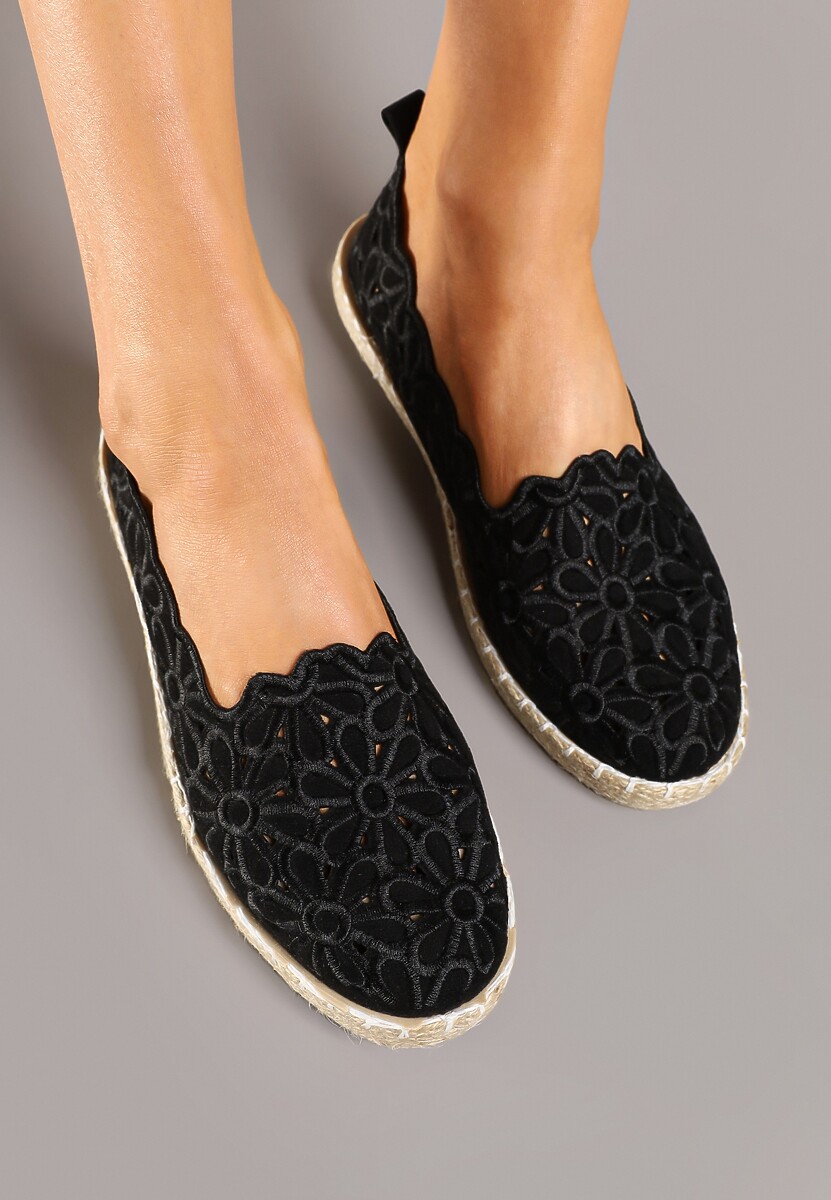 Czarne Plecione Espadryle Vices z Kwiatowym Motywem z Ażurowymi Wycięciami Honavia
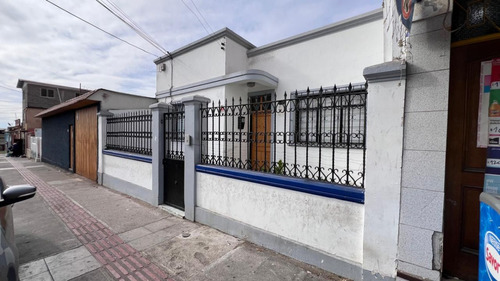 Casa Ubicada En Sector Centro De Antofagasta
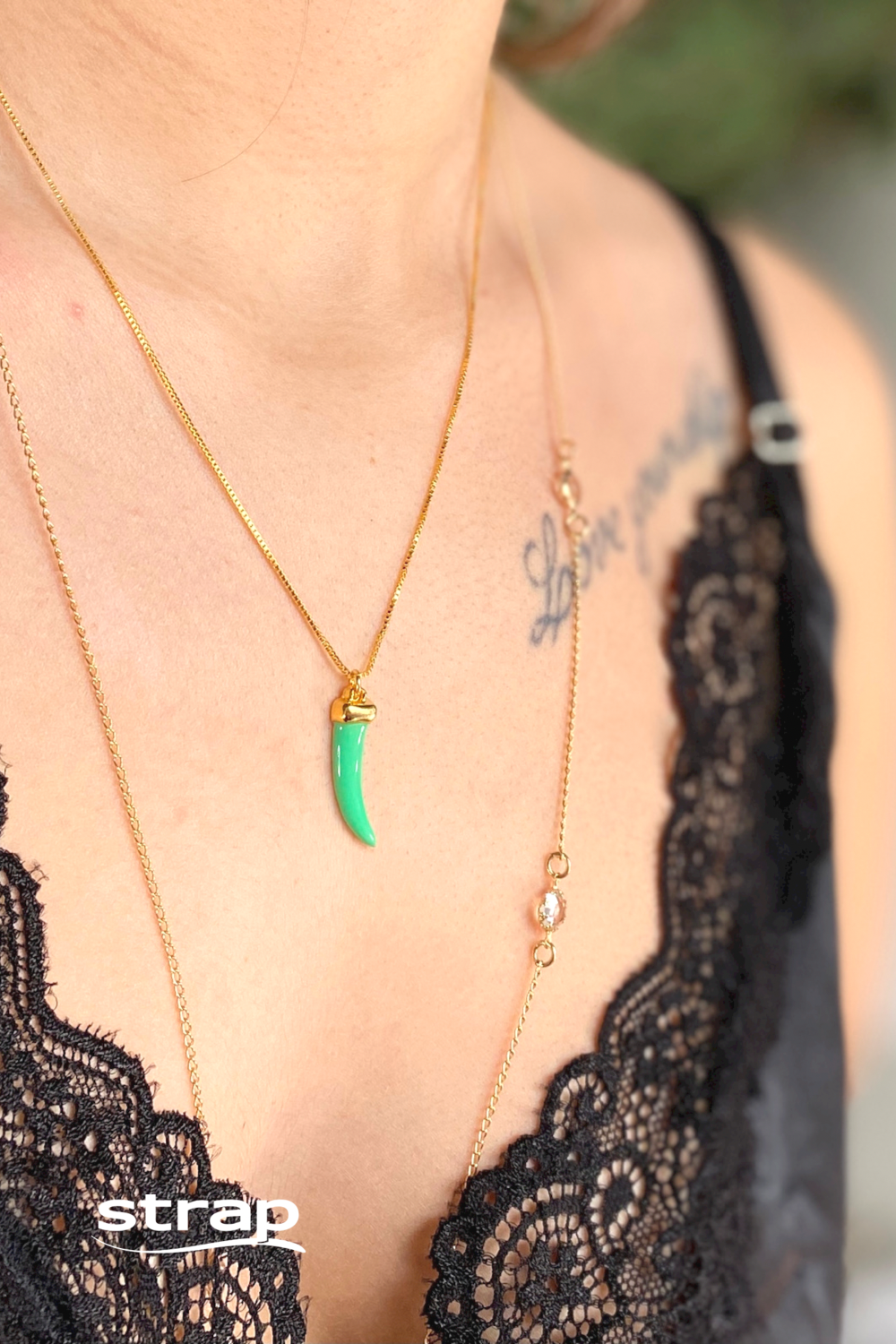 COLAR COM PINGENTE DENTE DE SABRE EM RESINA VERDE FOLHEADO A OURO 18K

================

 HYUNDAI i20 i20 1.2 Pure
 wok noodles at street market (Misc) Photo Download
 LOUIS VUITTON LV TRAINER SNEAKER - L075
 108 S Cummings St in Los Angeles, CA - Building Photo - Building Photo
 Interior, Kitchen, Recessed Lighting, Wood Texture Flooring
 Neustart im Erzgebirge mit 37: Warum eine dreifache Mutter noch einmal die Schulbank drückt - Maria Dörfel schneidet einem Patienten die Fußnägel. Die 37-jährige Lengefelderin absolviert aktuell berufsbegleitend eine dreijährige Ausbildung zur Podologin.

================

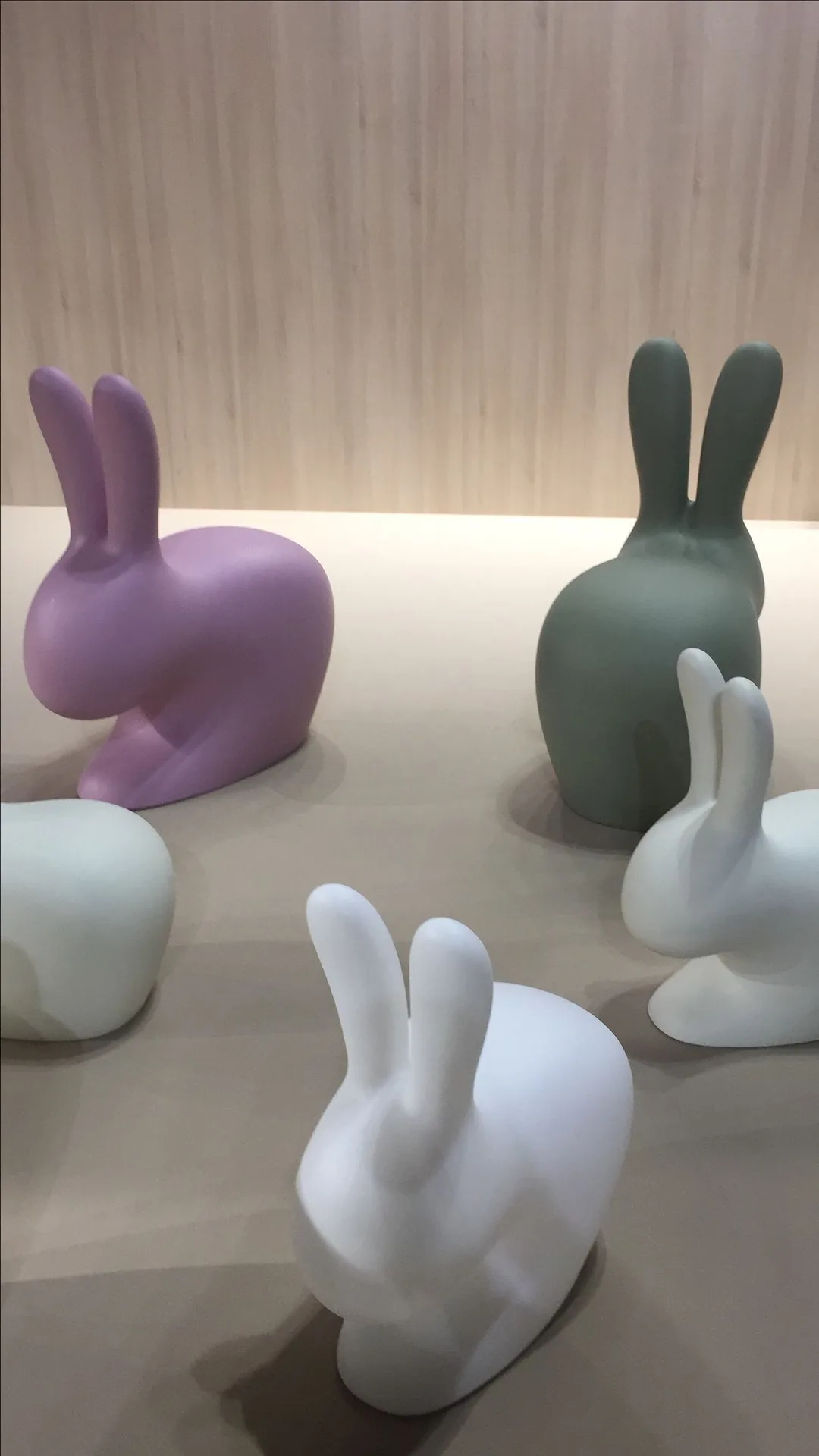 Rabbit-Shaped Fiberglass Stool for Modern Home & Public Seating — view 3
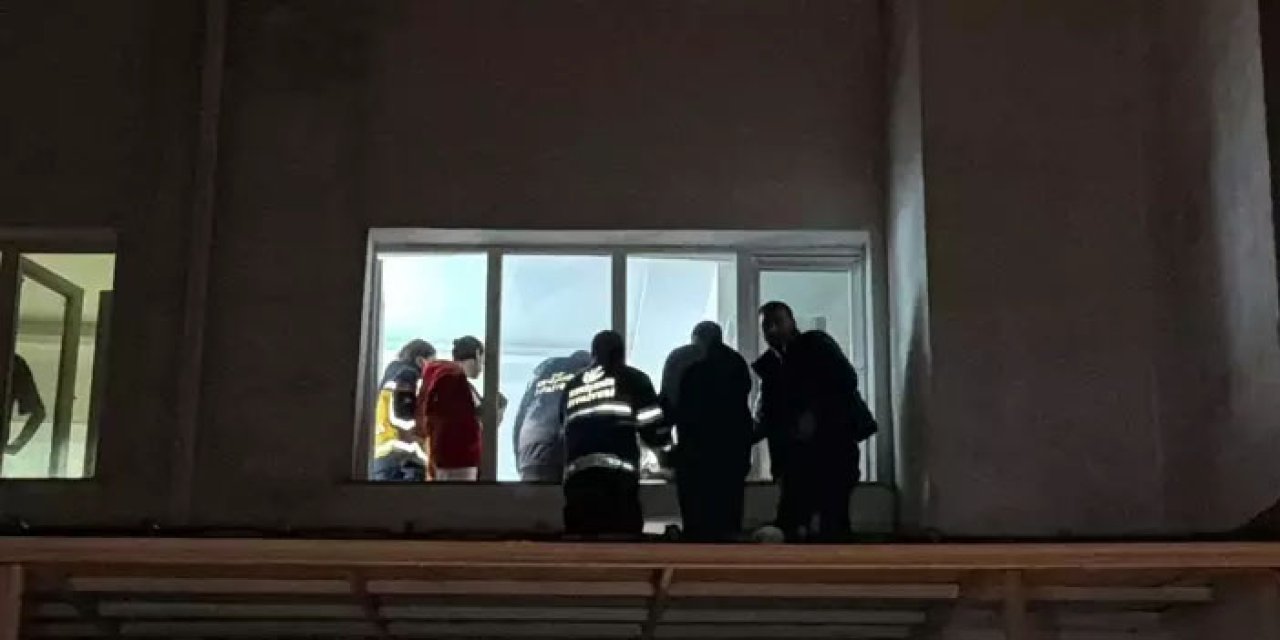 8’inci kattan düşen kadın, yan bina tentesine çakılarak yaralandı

================

What to work on:
Although pictures appear among the records above, none are to be output; print exactly the lines from the line containing "Czarne Plecione Espadryle" through the line containing "COLAR COM PINGENTE".

Exercise response:
 Czarne Plecione Espadryle Vices z Kwiatowym Motywem z Ażurowymi Wycięciami Honavia
 Casa Ubicada En Sector Centro De Antofagasta
 COLAR COM PINGENTE DENTE DE SABRE EM RESINA VERDE FOLHEADO A OURO 18K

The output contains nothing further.